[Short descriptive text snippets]
-.-.-

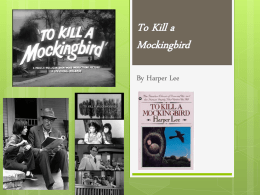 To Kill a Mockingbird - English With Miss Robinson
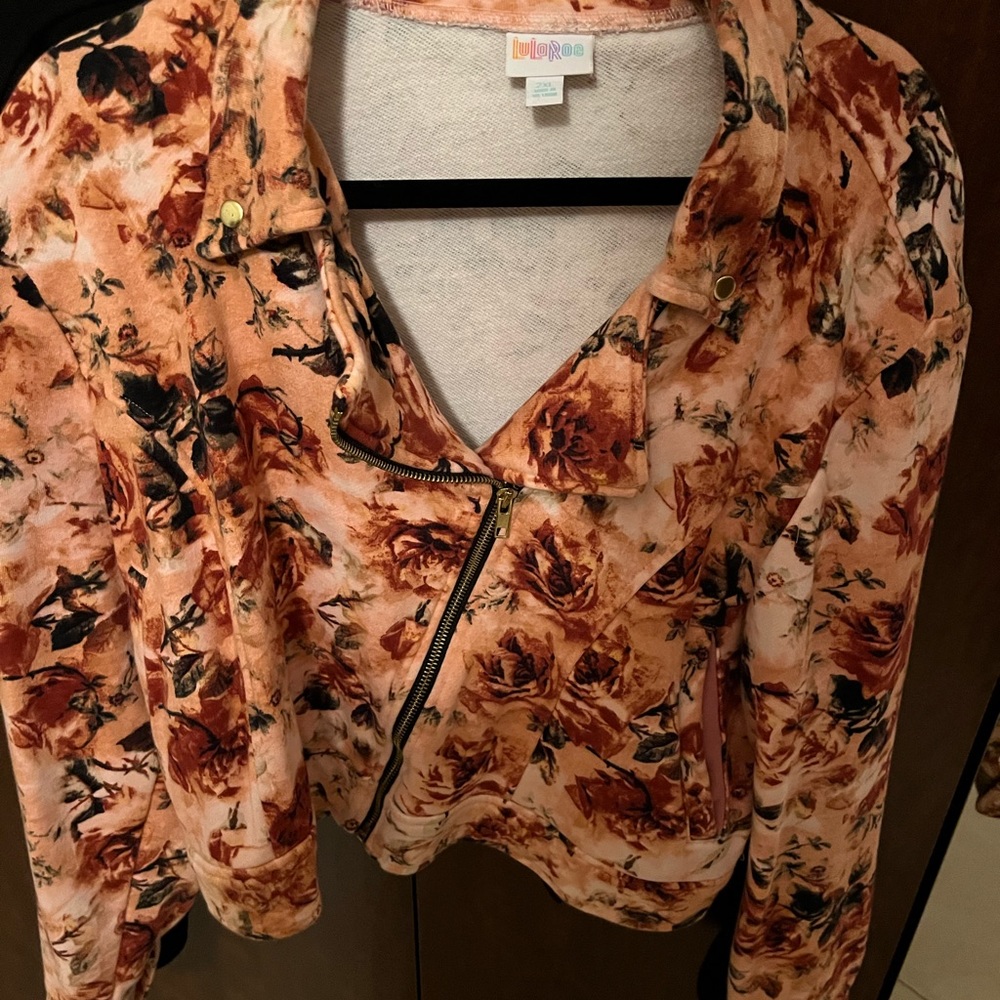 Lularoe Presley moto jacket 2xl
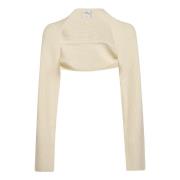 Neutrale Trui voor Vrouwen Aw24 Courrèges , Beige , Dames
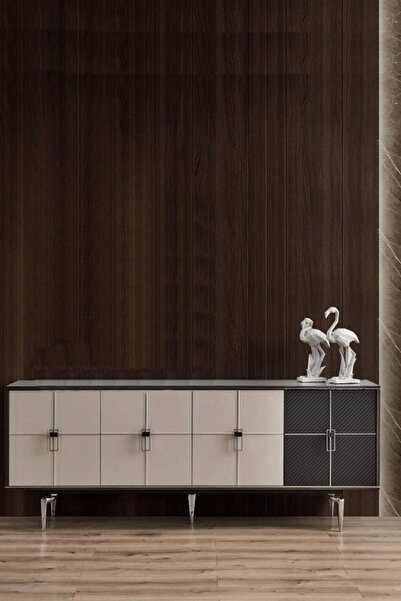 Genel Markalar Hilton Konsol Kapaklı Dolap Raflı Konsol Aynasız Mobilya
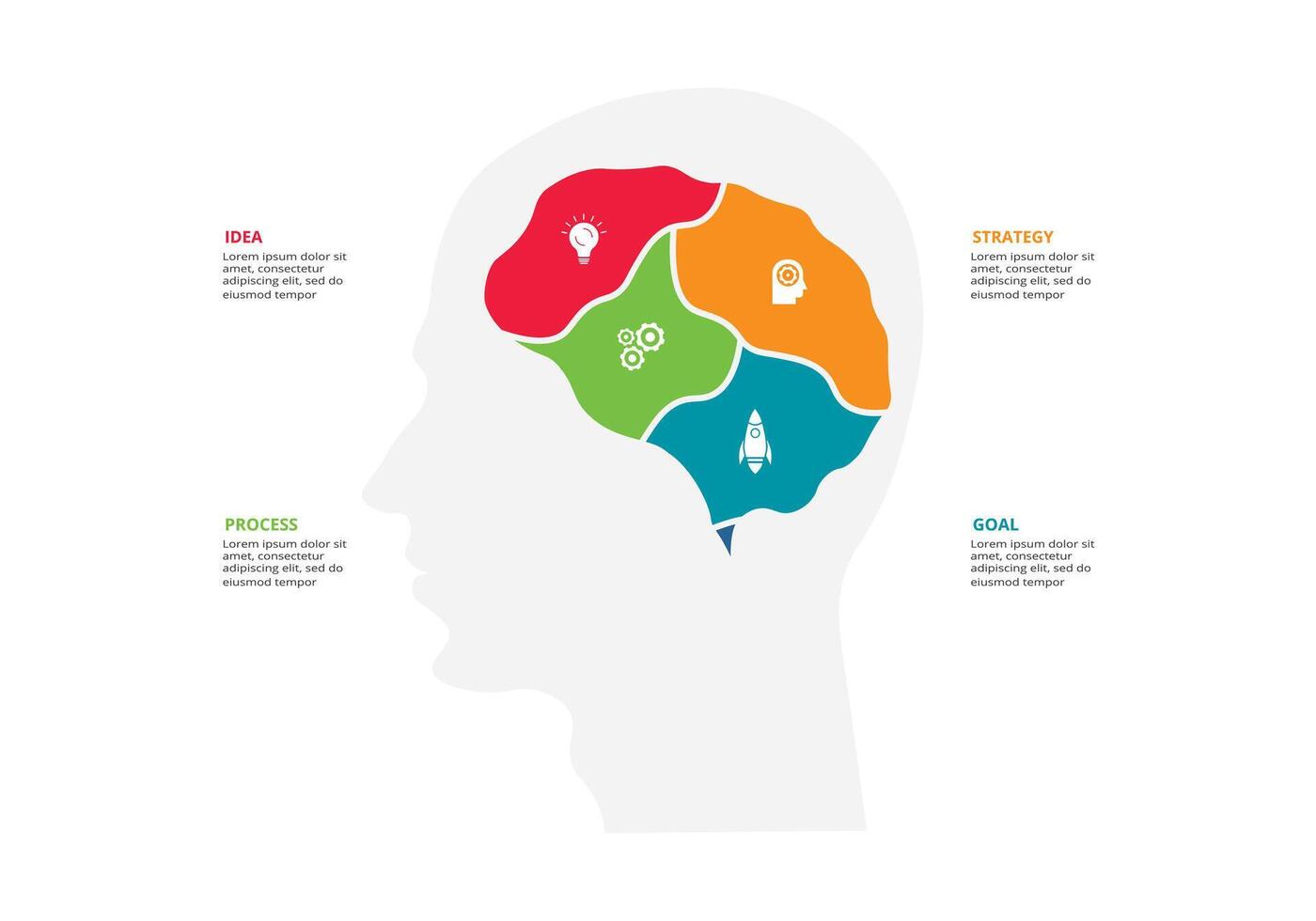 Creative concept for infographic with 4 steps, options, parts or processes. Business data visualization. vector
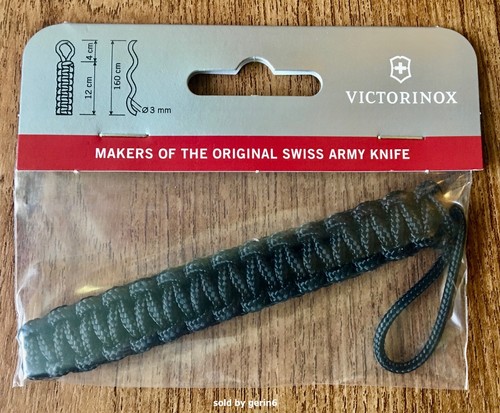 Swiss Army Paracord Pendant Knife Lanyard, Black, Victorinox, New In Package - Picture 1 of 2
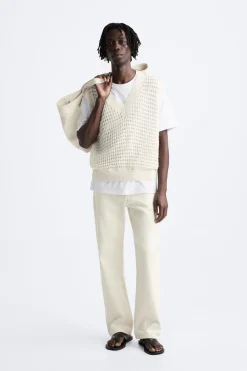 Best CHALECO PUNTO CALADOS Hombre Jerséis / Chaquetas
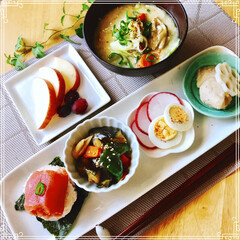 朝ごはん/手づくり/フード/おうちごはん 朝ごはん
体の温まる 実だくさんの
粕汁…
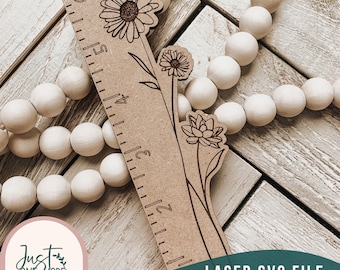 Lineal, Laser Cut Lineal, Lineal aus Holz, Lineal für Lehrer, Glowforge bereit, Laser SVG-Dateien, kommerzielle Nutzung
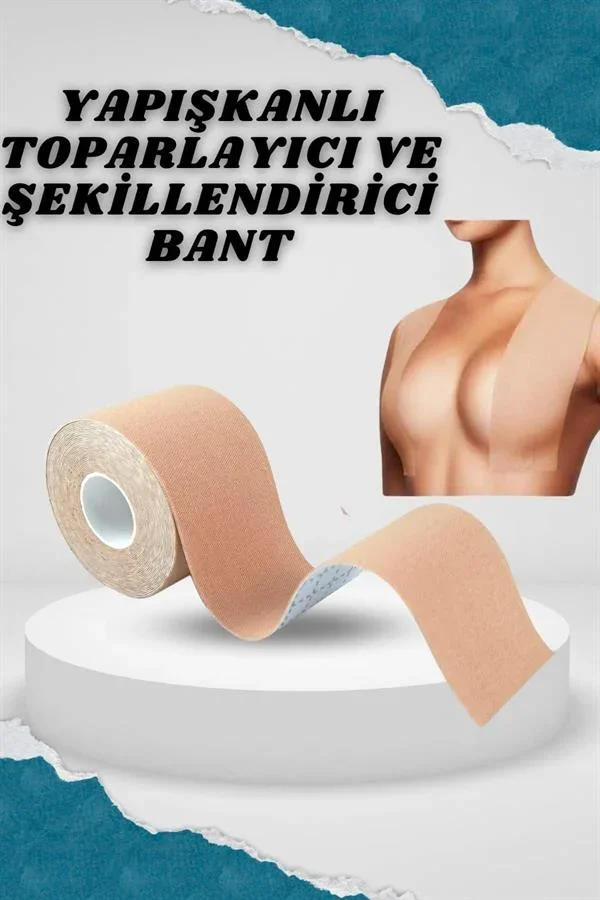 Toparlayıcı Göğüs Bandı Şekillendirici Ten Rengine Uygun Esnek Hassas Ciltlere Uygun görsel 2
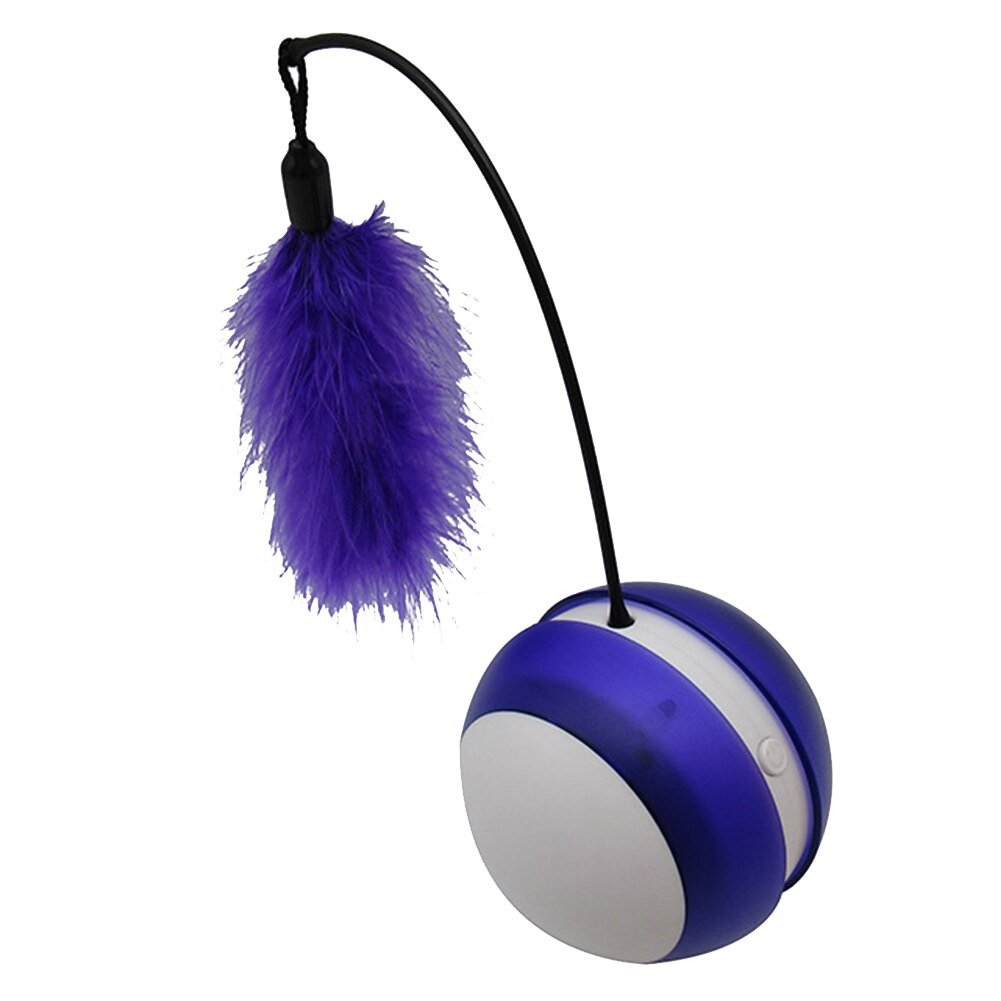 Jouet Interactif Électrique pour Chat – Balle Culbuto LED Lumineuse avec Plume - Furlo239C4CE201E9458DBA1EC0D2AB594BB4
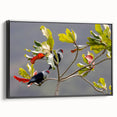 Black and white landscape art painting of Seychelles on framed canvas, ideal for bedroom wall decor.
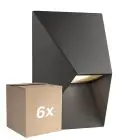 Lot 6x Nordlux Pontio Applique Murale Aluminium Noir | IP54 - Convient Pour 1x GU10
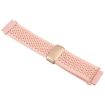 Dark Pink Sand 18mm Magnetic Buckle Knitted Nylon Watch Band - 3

-.-.-

Exercise details. Above are some records; quote exactly and only the lines that begin at the line containing "Swiss Army Paracord" and stop after the line containing "Jouet Interactif Électrique", leaving out the pictures.

Task solution.
 Swiss Army Paracord Pendant Knife Lanyard, Black, Victorinox, New In Package - Picture 1 of 2
 Best CHALECO PUNTO CALADOS Hombre Jerséis / Chaquetas
 朝ごはん/手づくり/フード/おうちごはん 朝ごはん
体の温まる 実だくさんの
粕汁…
 Lineal, Laser Cut Lineal, Lineal aus Holz, Lineal für Lehrer, Glowforge bereit, Laser SVG-Dateien, kommerzielle Nutzung
 Toparlayıcı Göğüs Bandı Şekillendirici Ten Rengine Uygun Esnek Hassas Ciltlere Uygun görsel 2
 Jouet Interactif Électrique pour Chat – Balle Culbuto LED Lumineuse avec Plume - Furlo239C4CE201E9458DBA1EC0D2AB594BB4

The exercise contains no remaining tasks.